Last week, several users discovered that Samsung was slowing down a few thousand apps on Galaxy S family devices, including the recent Galaxy S22. However, this speed reduction did not apply to performance measurement applications such as Geekbench. Due to this situation, Geekbench developers have banned the last four generations of Galaxy devices from their services.
Slow application execution due to overheating is nothing new. The vast majority of new devices slow down when they detect that the processor is getting too hot. This prevents overheating issues and maintains battery life. After the launch of the Samsung Galaxy S22, several Twitter and Youtube users noticed that the Game Optimizing Service (GOS) reduced the performance of several apps without giving the option to disable the feature.
Although it is a performance optimization service for games, users claim that only a third of the titles recognized by the app are games and the rest are normal apps. The apps affected are around 10,000, including apps from streaming services like Netflix and Spotify, social media apps like TikTok, and even apps from Samsung itself. Those not on the list are performance measurement applications such as Geekbench, Antutu, 3DMark, and GFXBench.
We consider this a form of benchmark manipulation because major benchmark apps, including Geekbench, are not restricted by this service.
— Geekbench (@geekbench) March 4, 2022
The developers of the Geekbench application reacted to this observation by removing four generations of Galaxy smartphones from the service which makes it possible to compare the performance of the devices tested via this application.
According to Geekbench officials, smartphones reduce speed through an analysis of device behavior, but GOS reduces performance based on the application itself. Most speed measurement apps are designed to compare the performance of various devices to help consumers make more informed decisions.

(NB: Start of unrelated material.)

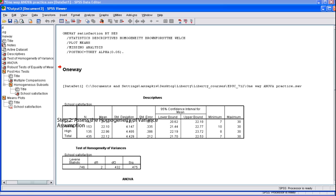Now assess the homogeneity of variance assumption by looking at the Test of Homogeneity of Variance table. This tests whether the variance in scores is the same for each of the three groups. Check the significance value (SIG) for Levene's test. If the number is greater than .05, you have not violated the assumption of homogeneity of variance. In this example, the SIG is .475. Since this is greater than .05, we conclude that the assumption is tenable. If you find you have violated this assumption — that is, a significance value less than .05 — you will need to consult the Robust Test of Equality of Means table, which provides preferable tests whenever the homogeneity of variance assumption is violated.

When the results are manipulated in this way, the measurement results are completely skewed.
According to a report on The Verge, Samsung has promised to release an update for GOS that will allow users to directly configure app performance. According to Samsung’s Kelly Yeo, “We appreciate the feedback we’ve received and plan to release an update soon that will allow users to define how games play.”

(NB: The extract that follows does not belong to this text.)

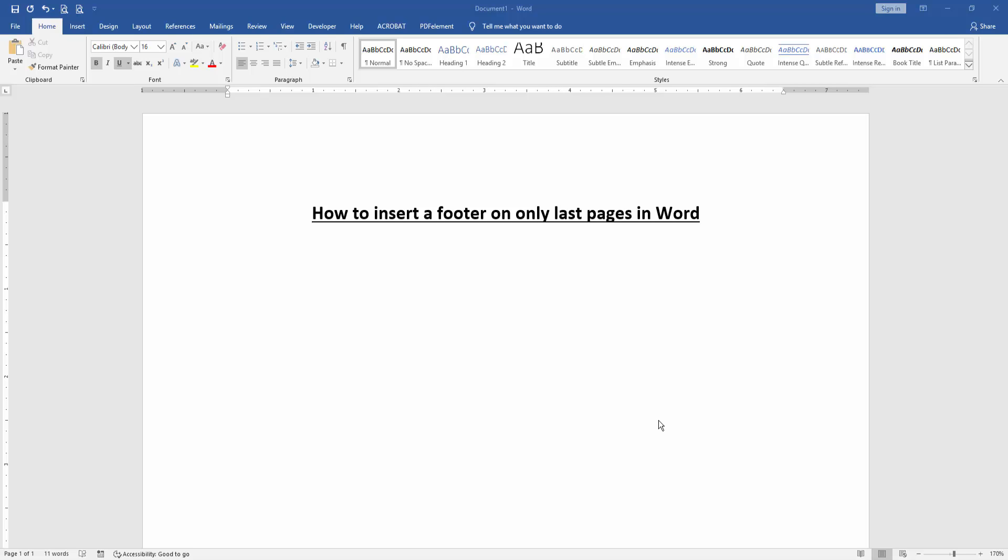Let's get started. At first, we have to open a Word document. Then we want to insert a footer on only the last page.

Geekbench’s usage policy prevents devices that have been removed from being included again, even after the issue that led to the removal has been resolved. Therefore, Samsung smartphones are not expected to return to the Geekbench database anytime soon.
This isn’t the first time a smartphone maker has tried to manipulate performance test results using this method. In July 2021, OnePlus was caught tweaking the performance of several popular apps on the OnePlus 9 and OnePlus 9 Pro. These devices have also been banned from the Geekbench database.